Kelompok lain di luar kedua kelompok di atas adalah para siswa, pengajar dan segenap sivitas akademika dari tingkat sekolah dasar hingga perguruan tinggi yang berdomisili di perkotaan. Kelompok ini telah memiliki kesempatan akses yang luas ke pusat-pusat informasi. Karena itu ttik perhatian pada kelompok ini harus lebih ditekankan pada variasi pengajaran yang dapat lebih merangsang dan menumbuhkan minat belajar secara mandiri. Keinginan untuk selalu memperbaiki diri yang tumbuh atas kemauan sendiri adalah faktor kunci keberhasilan metode ini.

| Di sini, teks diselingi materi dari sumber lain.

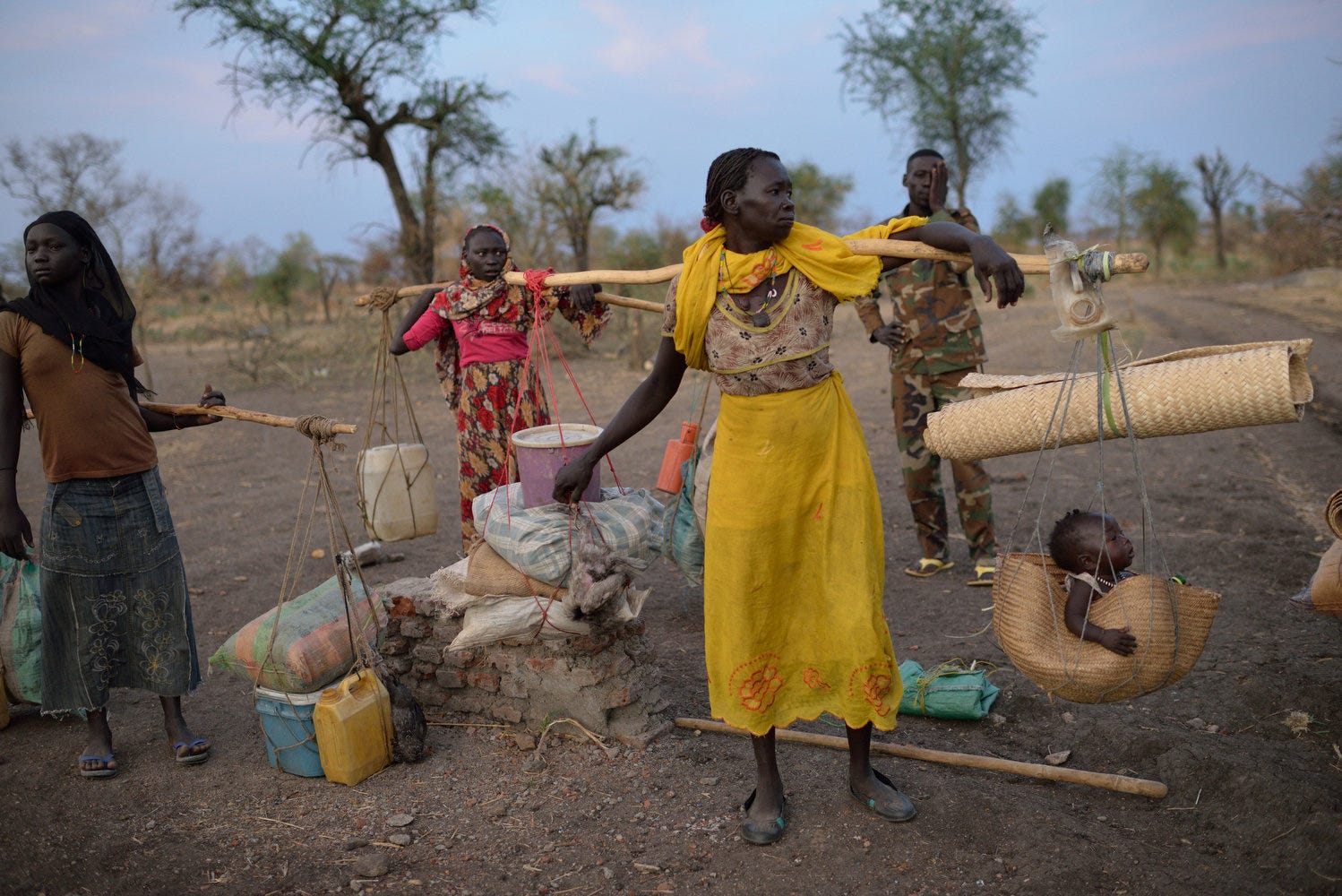 four people carry belongings about their shoulders on yokes. they wear open twoed shoes. Two persons are in hijabs covering their hair in neck. the person most in the foregrand is wearing bright yellow wrapped around their waist, and has a baby fashioned in a basket hanging off the yoke.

Kelompok-kelompok obyek didik seperti yang dijelaskan di atas terdiri dari orang-orang dengan tingkat dan latar belakang ekonomi, sosial, dan budaya yang berbeda. Begitu pula tingkat pemahaman ilmunya. Karenanya ada tingkatan-tingkatan prioritas yang berbeda pada kelompok ini. Teknologi multimedia seperti yang akan dijelaskan kemudian, akan mampu memenuhi keinginan yang berbeda ini dengan tetap memperhatikan tingkat pemahaman dan pengetahuan masing-masing.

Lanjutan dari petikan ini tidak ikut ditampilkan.